▶ **The data**
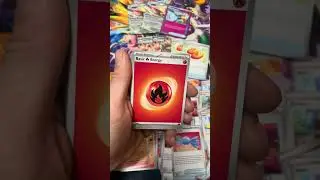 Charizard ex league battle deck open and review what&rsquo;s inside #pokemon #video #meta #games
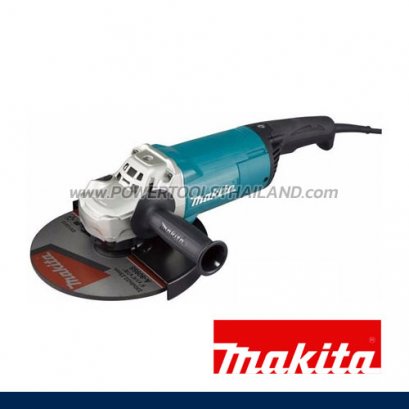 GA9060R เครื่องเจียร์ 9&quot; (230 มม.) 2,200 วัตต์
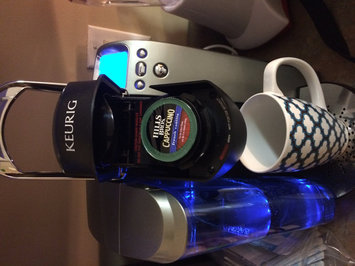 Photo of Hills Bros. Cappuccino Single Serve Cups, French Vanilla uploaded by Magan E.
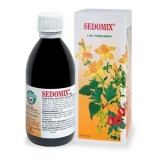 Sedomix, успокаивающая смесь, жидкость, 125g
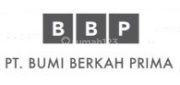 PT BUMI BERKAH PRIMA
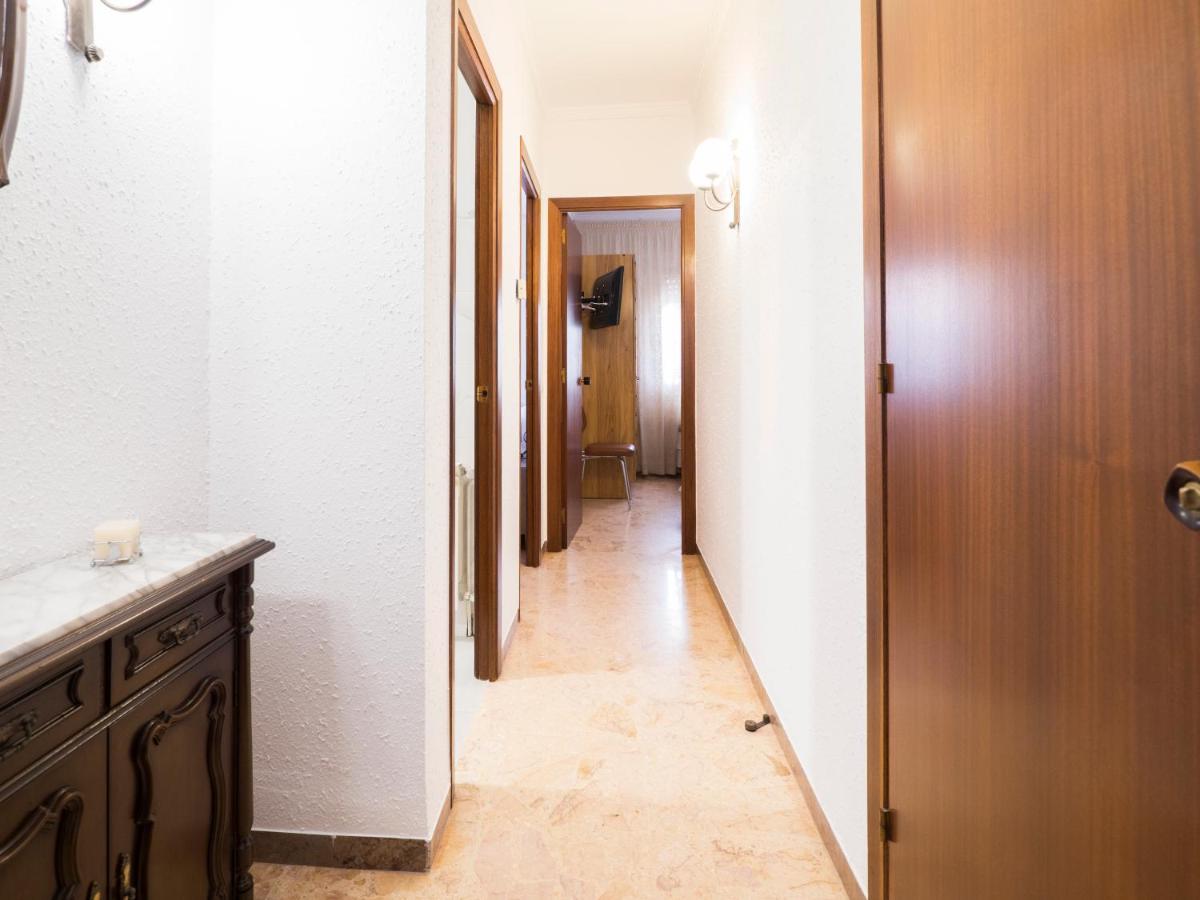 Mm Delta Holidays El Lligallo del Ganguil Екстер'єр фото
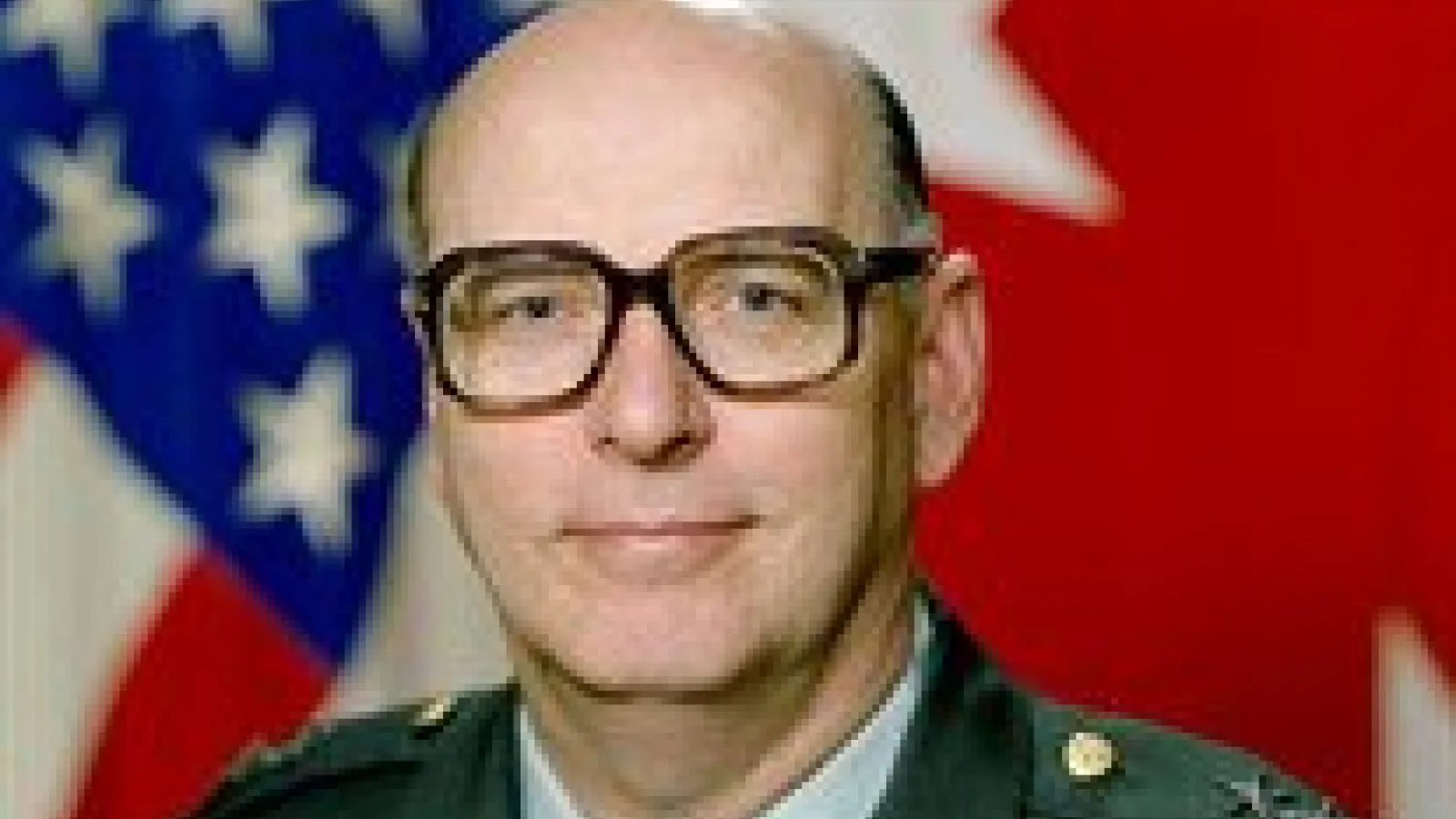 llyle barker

▶ **Exercise**
I would like you to set down the lines above, from the one containing "Photo of Hills" to the final line, exactly as written and without pictures.

▶ **Solution for this exercise**
 Photo of Hills Bros. Cappuccino Single Serve Cups, French Vanilla uploaded by Magan E.
 Sedomix, успокаивающая смесь, жидкость, 125g
 PT BUMI BERKAH PRIMA
 Mm Delta Holidays El Lligallo del Ganguil Екстер'єр фото
 llyle barker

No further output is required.